_What is needed_: When you transcribe the listing that follows, keep every line exact and omit the pictures.

_Data section_:
☆ ☆ ☆ ☆ ☆ ☆ ☆
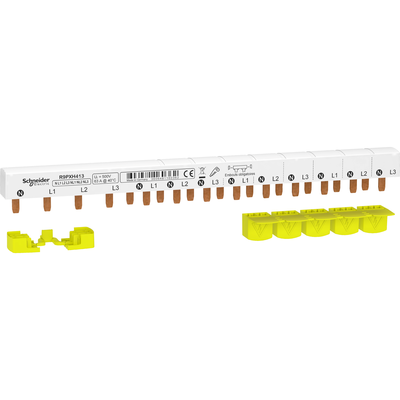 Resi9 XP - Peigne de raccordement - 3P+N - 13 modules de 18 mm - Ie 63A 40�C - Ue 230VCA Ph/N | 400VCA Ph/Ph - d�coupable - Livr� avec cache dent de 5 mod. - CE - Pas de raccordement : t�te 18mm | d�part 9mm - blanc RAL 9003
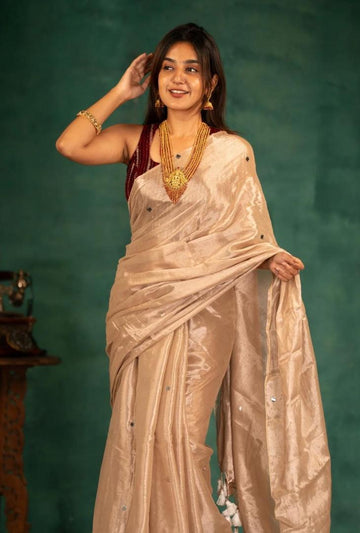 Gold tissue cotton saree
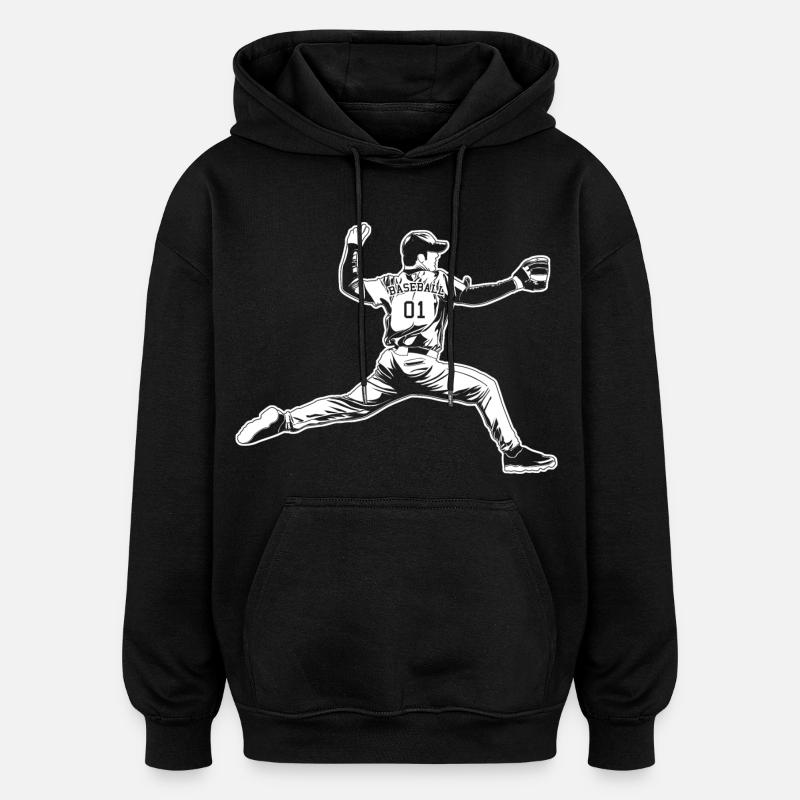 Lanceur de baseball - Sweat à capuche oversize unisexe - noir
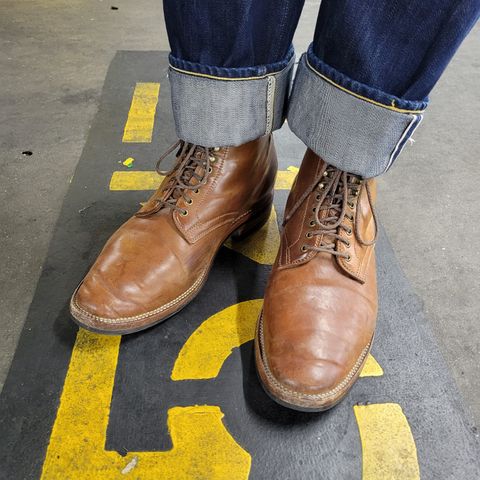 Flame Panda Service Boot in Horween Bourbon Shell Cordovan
☆ ☆ ☆ ☆ ☆ ☆ ☆
_Answer below_:
 Resi9 XP - Peigne de raccordement - 3P+N - 13 modules de 18 mm - Ie 63A 40�C - Ue 230VCA Ph/N | 400VCA Ph/Ph - d�coupable - Livr� avec cache dent de 5 mod. - CE - Pas de raccordement : t�te 18mm | d�part 9mm - blanc RAL 9003
 Gold tissue cotton saree
 Lanceur de baseball - Sweat à capuche oversize unisexe - noir
 Flame Panda Service Boot in Horween Bourbon Shell Cordovan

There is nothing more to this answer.